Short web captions
..............................
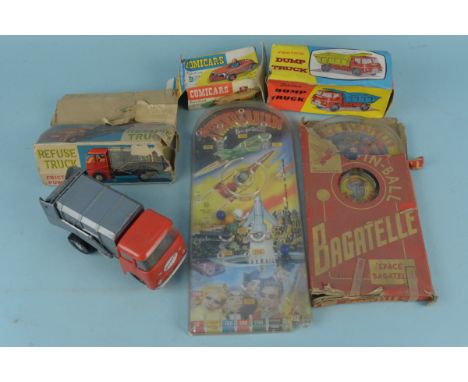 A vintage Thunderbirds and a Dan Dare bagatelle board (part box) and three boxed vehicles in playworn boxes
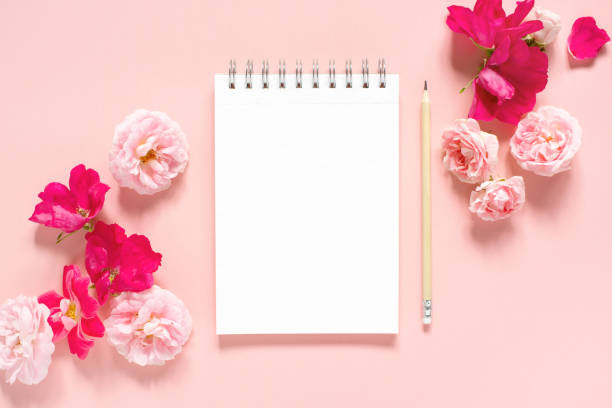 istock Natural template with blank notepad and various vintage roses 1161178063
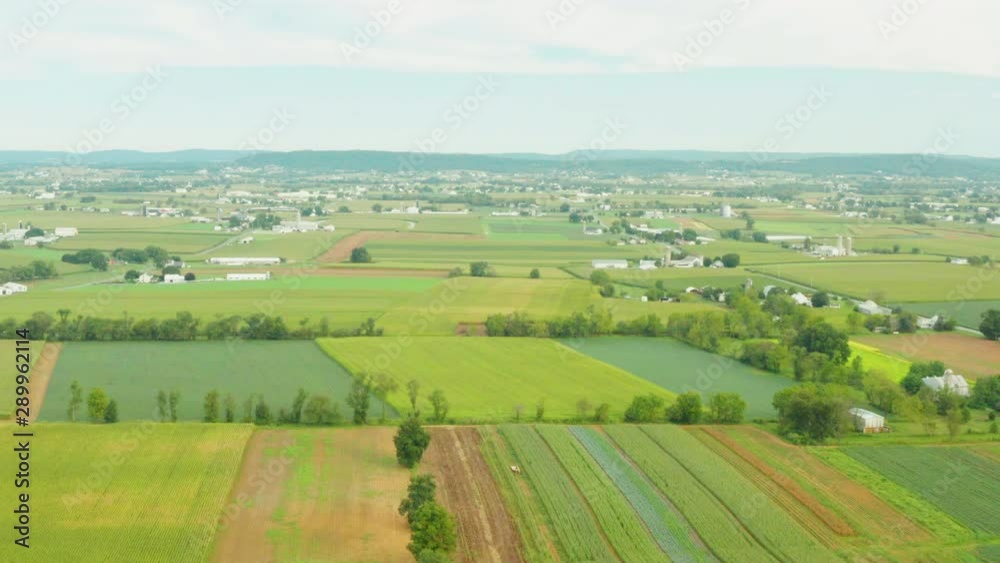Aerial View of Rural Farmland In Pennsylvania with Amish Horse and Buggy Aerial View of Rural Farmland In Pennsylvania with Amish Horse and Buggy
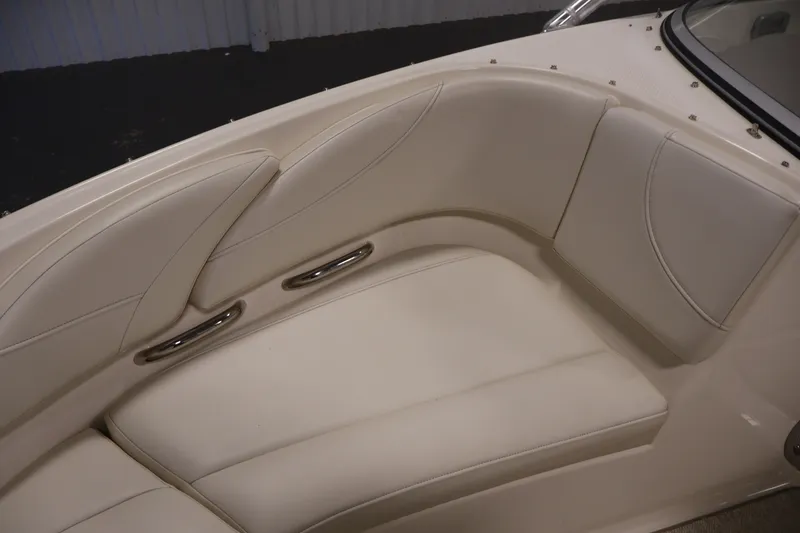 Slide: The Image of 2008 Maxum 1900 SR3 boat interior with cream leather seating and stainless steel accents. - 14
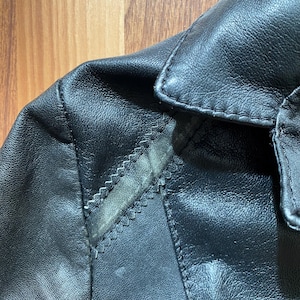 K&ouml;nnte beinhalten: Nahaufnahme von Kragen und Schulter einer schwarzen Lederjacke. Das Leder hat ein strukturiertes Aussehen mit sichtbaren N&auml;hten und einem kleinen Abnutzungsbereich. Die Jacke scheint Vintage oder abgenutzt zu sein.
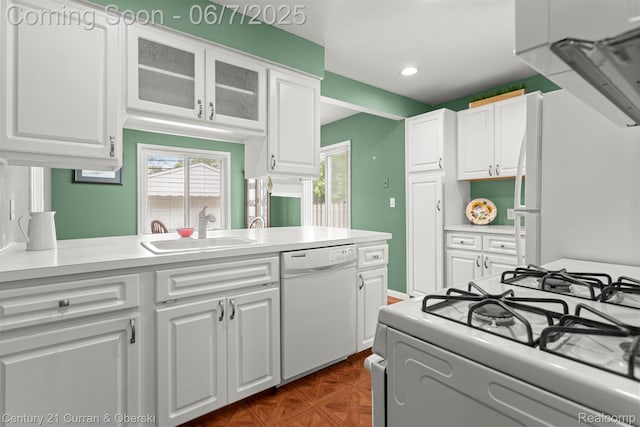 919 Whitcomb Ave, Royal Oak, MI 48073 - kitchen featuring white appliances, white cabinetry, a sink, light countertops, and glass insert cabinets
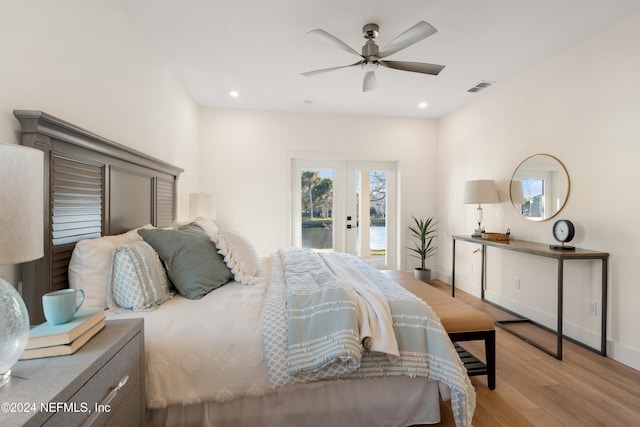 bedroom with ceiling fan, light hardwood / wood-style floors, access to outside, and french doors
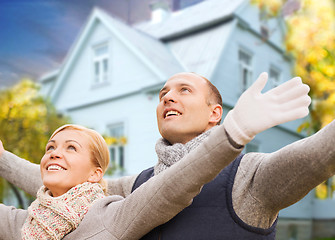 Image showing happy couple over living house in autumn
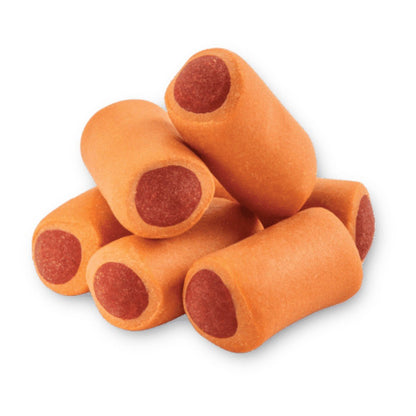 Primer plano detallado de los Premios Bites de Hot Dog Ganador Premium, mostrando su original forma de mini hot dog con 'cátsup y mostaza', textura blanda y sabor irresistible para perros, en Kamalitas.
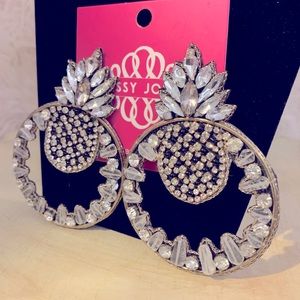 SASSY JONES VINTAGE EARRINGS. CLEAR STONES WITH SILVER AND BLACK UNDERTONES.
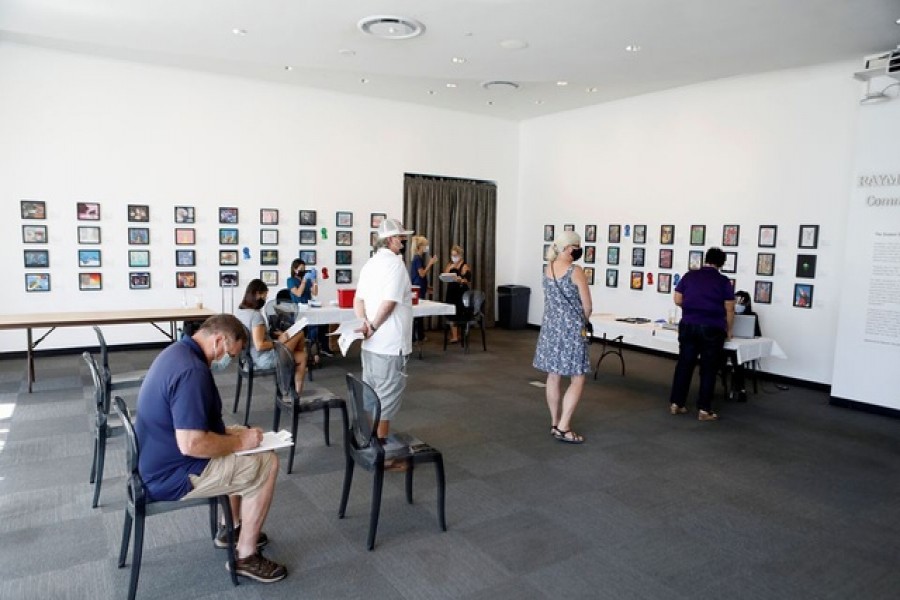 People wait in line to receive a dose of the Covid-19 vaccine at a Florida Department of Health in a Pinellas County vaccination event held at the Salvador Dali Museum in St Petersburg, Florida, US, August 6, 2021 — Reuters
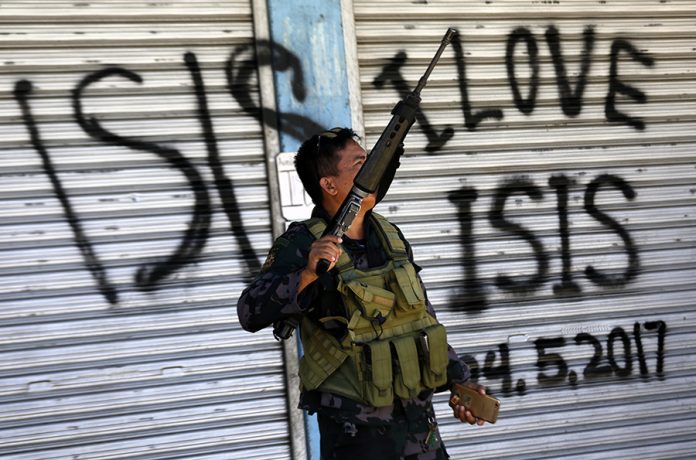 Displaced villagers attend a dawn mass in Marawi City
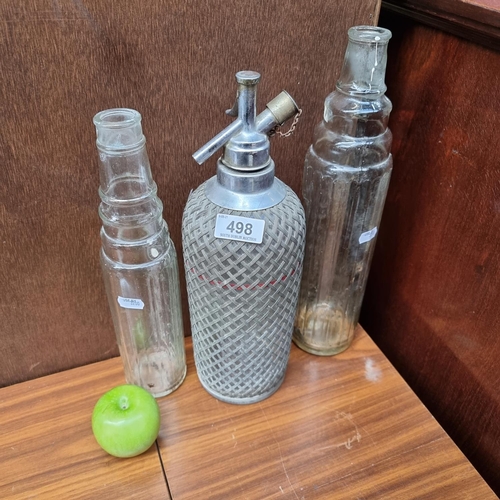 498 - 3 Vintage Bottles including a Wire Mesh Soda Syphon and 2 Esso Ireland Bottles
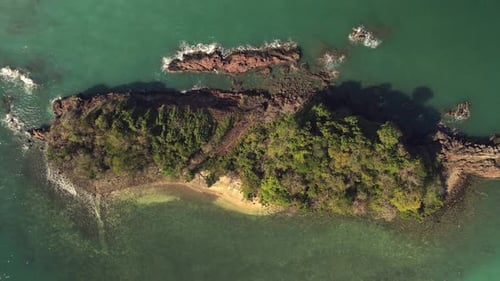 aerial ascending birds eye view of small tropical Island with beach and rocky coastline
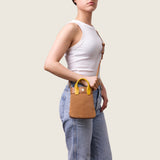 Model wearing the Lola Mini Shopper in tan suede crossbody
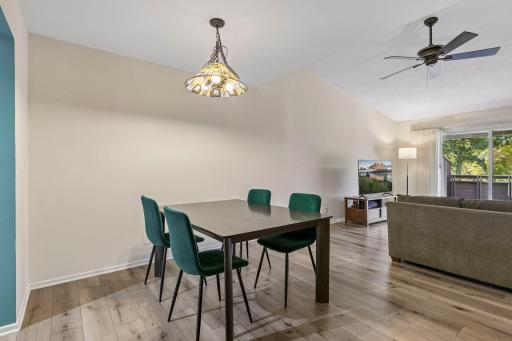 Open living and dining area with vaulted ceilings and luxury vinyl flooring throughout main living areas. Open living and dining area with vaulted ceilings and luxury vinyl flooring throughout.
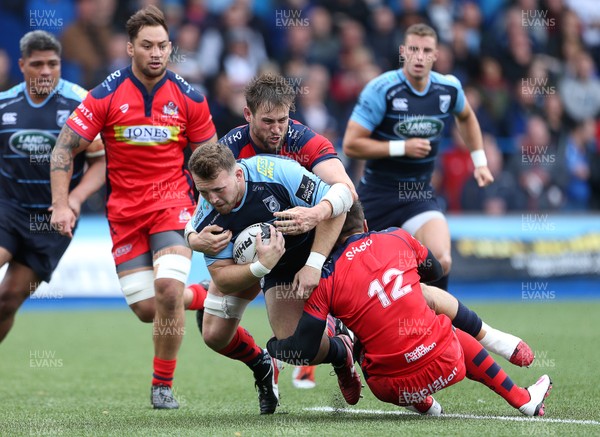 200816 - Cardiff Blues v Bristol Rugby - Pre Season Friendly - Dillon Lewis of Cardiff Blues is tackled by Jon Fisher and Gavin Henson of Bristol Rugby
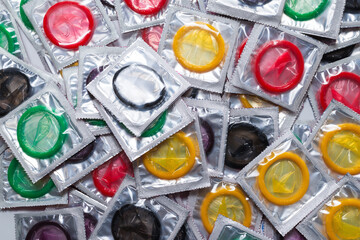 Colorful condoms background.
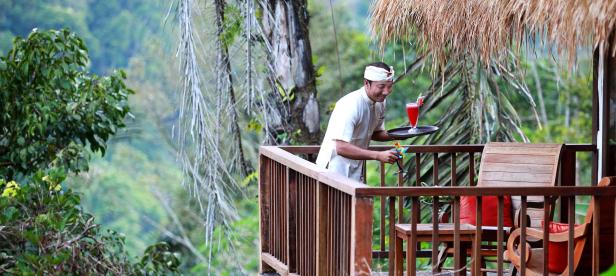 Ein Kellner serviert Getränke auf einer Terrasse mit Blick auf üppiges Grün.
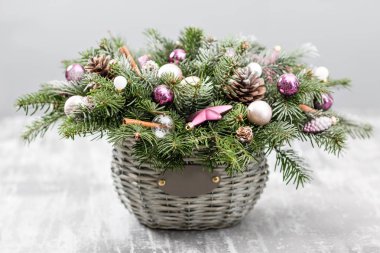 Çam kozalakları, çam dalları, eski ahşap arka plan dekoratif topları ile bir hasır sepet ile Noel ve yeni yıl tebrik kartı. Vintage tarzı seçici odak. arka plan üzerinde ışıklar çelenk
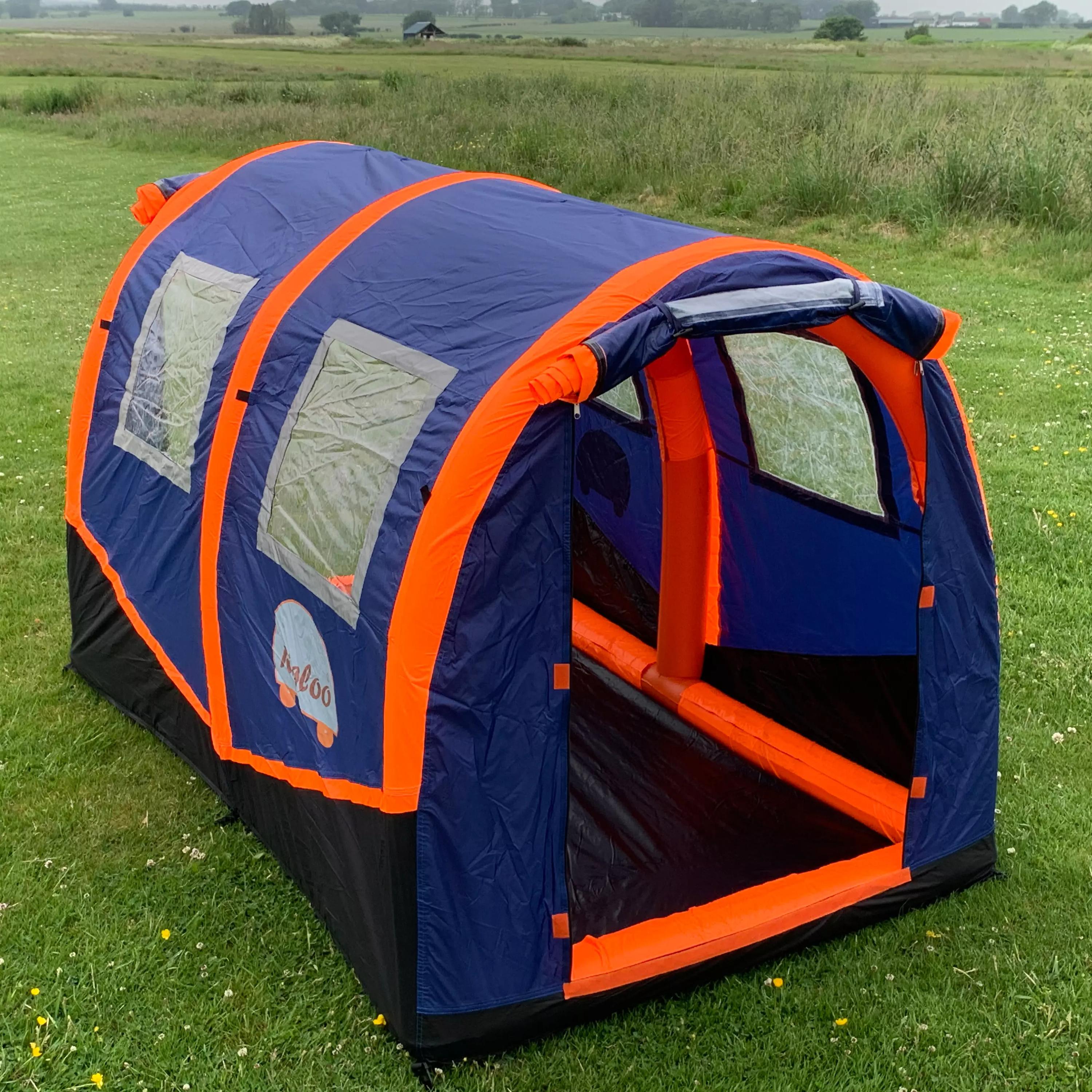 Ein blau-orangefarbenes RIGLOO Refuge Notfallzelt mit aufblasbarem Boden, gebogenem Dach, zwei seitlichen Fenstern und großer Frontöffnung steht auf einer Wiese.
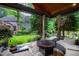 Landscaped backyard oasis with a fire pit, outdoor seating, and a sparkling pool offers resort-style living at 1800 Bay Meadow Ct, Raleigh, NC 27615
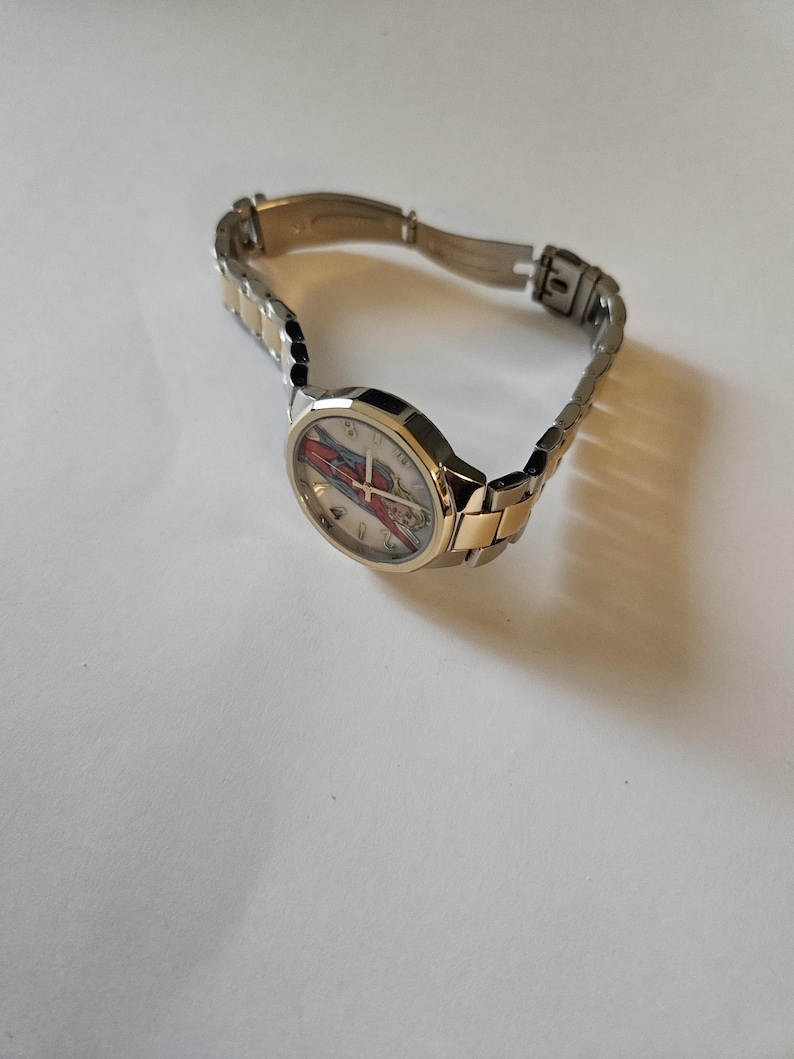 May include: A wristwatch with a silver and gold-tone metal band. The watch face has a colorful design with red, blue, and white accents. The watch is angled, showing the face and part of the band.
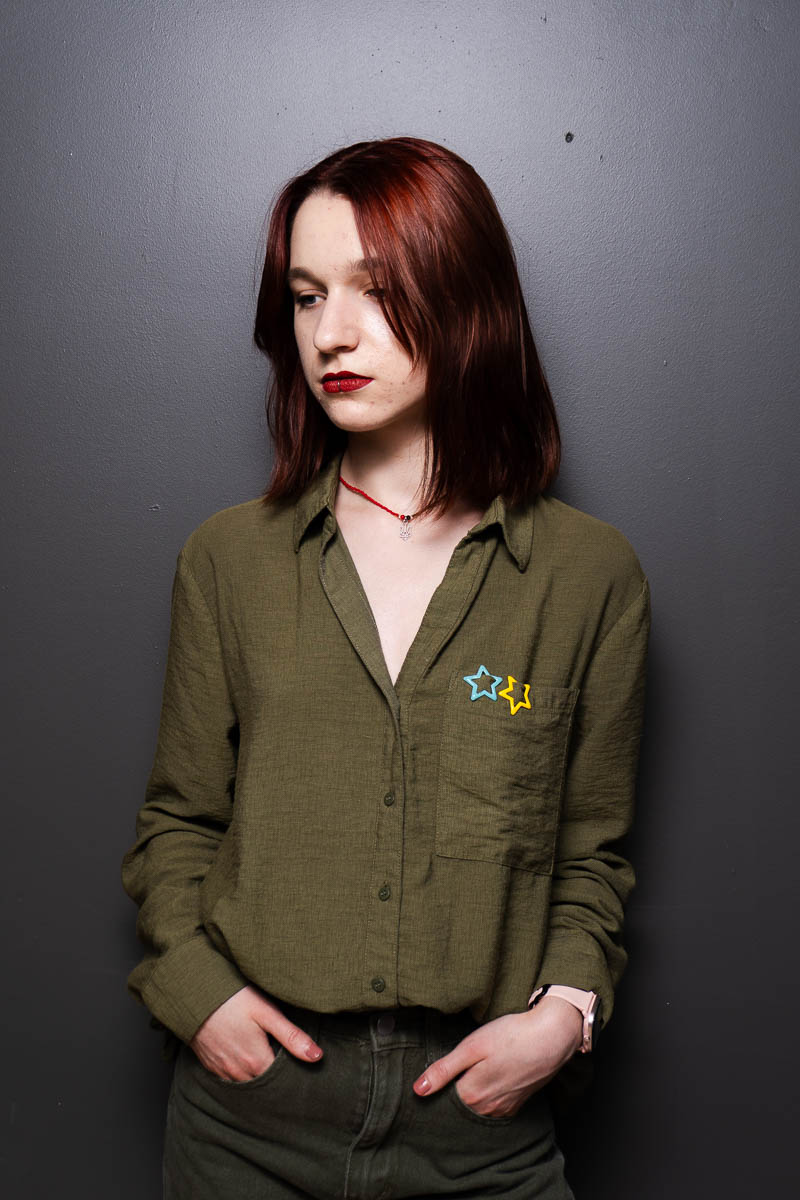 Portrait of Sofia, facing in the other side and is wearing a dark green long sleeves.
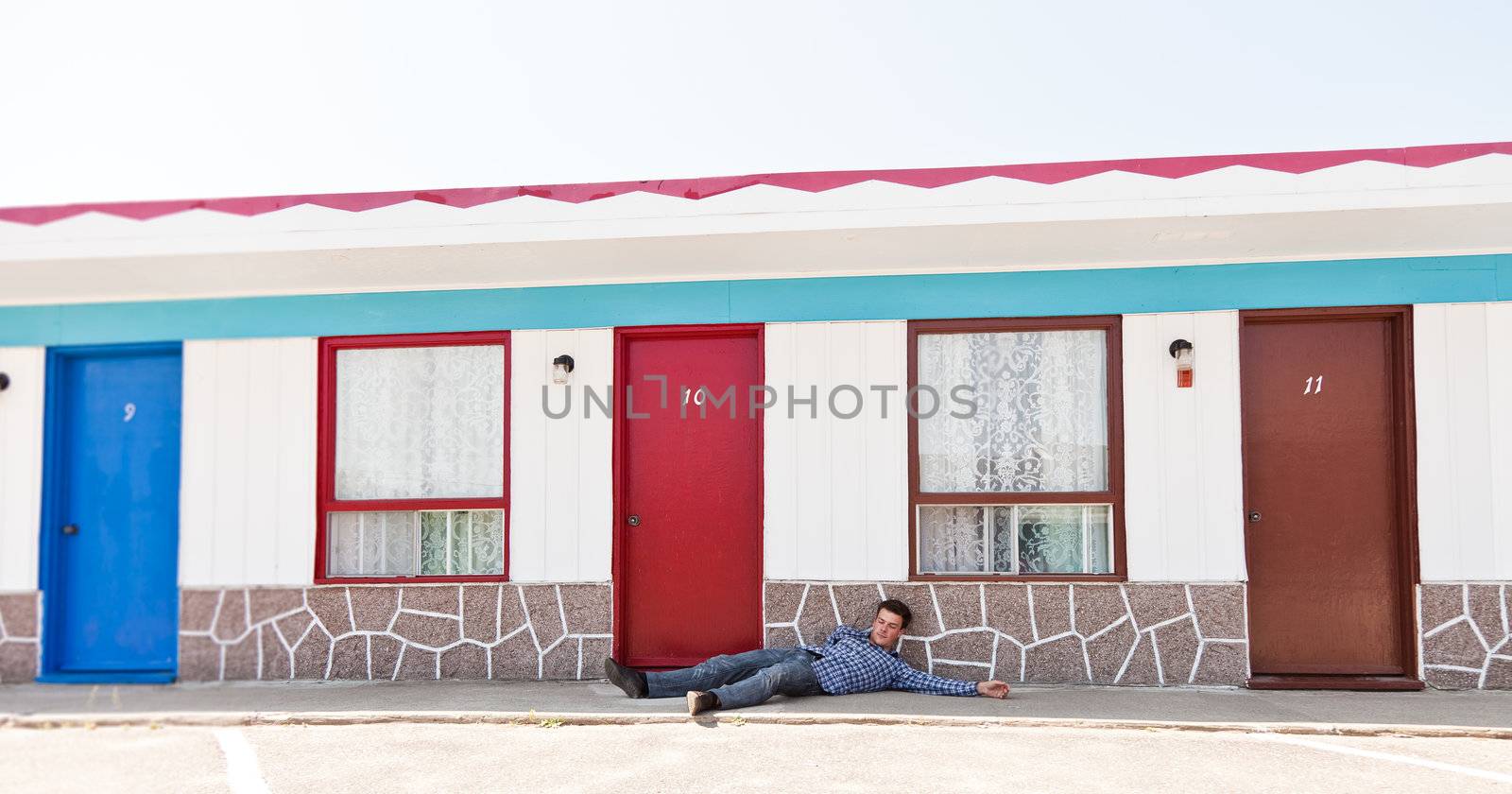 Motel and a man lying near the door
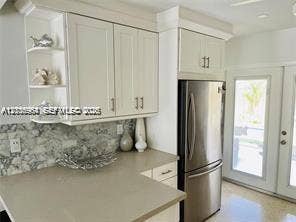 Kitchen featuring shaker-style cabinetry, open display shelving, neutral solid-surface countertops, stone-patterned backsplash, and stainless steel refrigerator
..............................
**WHAT YOU SHOULD DO**
Above are the records; please give again, exactly and in full, only the lines that run from the line with "May include: A" through the line with "Motel and a man lying near the door", with no pictures.

**WRITTEN SOLUTION**
 May include: A wristwatch with a silver and gold-tone metal band. The watch face has a colorful design with red, blue, and white accents. The watch is angled, showing the face and part of the band.
 Portrait of Sofia, facing in the other side and is wearing a dark green long sleeves.
 Motel and a man lying near the door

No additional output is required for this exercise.